= Instruction pipelining =

Method of improving instruction-level parallelism

Basic five-stage pipeline
| Clock cycle Instr. No. | 1 | 2 | 3 | 4 | 5 | 6 | 7 |
| 1 | IF | ID | EX | MEM | WB |  |  |
| 2 |  | IF | ID | EX | MEM | WB |  |
| 3 |  |  | IF | ID | EX | MEM | WB |
| 4 |  |  |  | IF | ID | EX | MEM |
| 5 |  |  |  |  | IF | ID | EX |
(IF = Instruction Fetch, ID = Instruction Decode, EX = Execute, MEM = Memory access, WB = Register write back). In the fourth clock cycle (the green column), the earliest instruction is in MEM stage, and the latest instruction has not yet entered the pipeline.

In computer engineering, instruction pipelining is a technique for implementing instruction-level parallelism within a single processor. Pipelining attempts to keep every part of the processor busy with some instruction by dividing incoming instructions into a series of sequential steps (the eponymous "pipeline") performed by different processor units with different parts of instructions processed in parallel.

==Concept and motivation==
In a pipelined computer, instructions travel through the central processing unit (CPU) in stages. For example, it might have one stage for each step of the von Neumann cycle: Fetch the instruction, fetch the operands, do the instruction, write the results. A pipelined computer usually has "pipeline registers" after each stage. These store information from the instruction and calculations so that the logic gates of the next stage can do the next step.

This arrangement lets the CPU complete an instruction on each clock cycle. It is common for even-numbered stages to operate on one edge of the square-wave clock, while odd-numbered stages operate on the other edge. This allows more CPU throughput than a multicycle computer at a given clock rate, but may increase latency due to the added overhead of the pipelining process itself. Also, even though the electronic logic has a fixed maximum speed, a pipelined computer can be made faster or slower by varying the number of stages in the pipeline. With more stages, each stage does less work, and so the stage has fewer delays from the logic gates and could run at a higher clock rate.

A pipelined model of computer is often the most economical, when cost is measured as logic gates per instruction per second. At each instant, an instruction is in only one pipeline stage, and on average, a pipeline stage is less costly than a multicycle computer. Also, when made well, most of the pipelined computer's logic is in use most of the time. In contrast, out of order computers usually have large amounts of idle logic at any given instant. Similar calculations usually show that a pipelined computer uses less energy per instruction.

However, a pipelined computer is usually more complex and more costly than a comparable multicycle computer. It typically has more logic gates, registers and a more complex control unit. In a like way, it might use more total energy, while using less energy per instruction. Out of order CPUs can usually do more instructions per second because they can do several instructions at once.

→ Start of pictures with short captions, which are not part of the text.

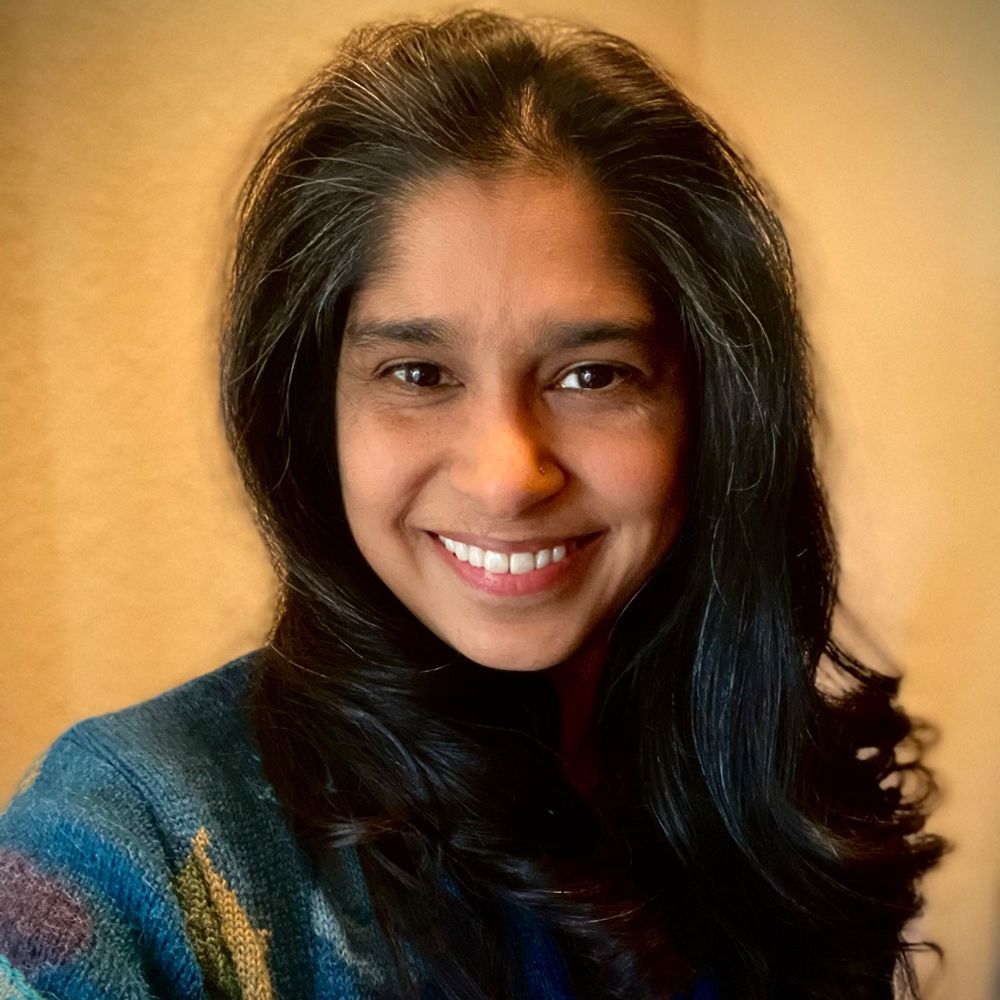 Farhana Basha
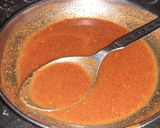 ডালফ্রাই রেসিপির ধাপ 4 ছবি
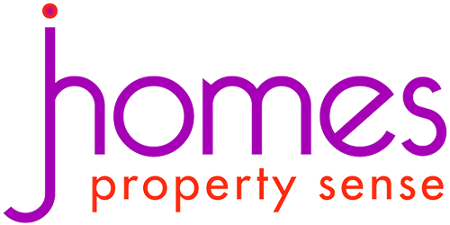 Property for sale by JHomes (Pty) Ltd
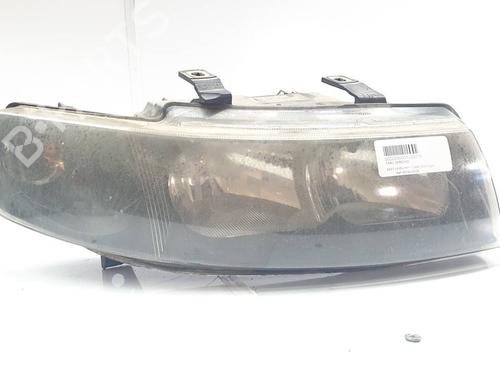 Used Right headlight Right headlight SEAT LEON (1M1) [1999-2006] 39967516 39967516
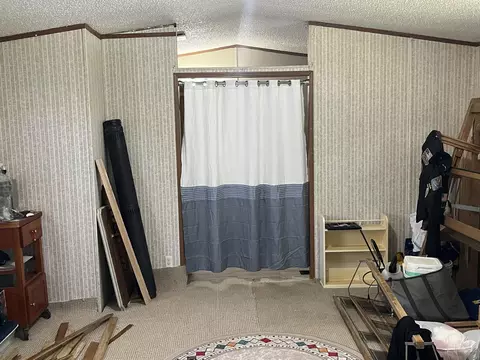 4955 N Grow, Stanton, MI 48888 photo 10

In a pipelined computer, the control unit arranges for the flow to start, continue, and stop as a program commands. The instruction data is usually passed in pipeline registers from one stage to the next, with a somewhat separated piece of control logic for each stage. The control unit also assures that the instruction in each stage does not harm the operation of instructions in other stages. For example, if two stages must use the same piece of data, the control logic assures that the uses are done in the correct sequence.

When operating efficiently, a pipelined computer will have an instruction in each stage. It is then working on all of those instructions at the same time. It can finish about one instruction for each cycle of its clock. But when a program switches to a different sequence of instructions, the pipeline sometimes must discard the data in process and restart. This is called a "stall."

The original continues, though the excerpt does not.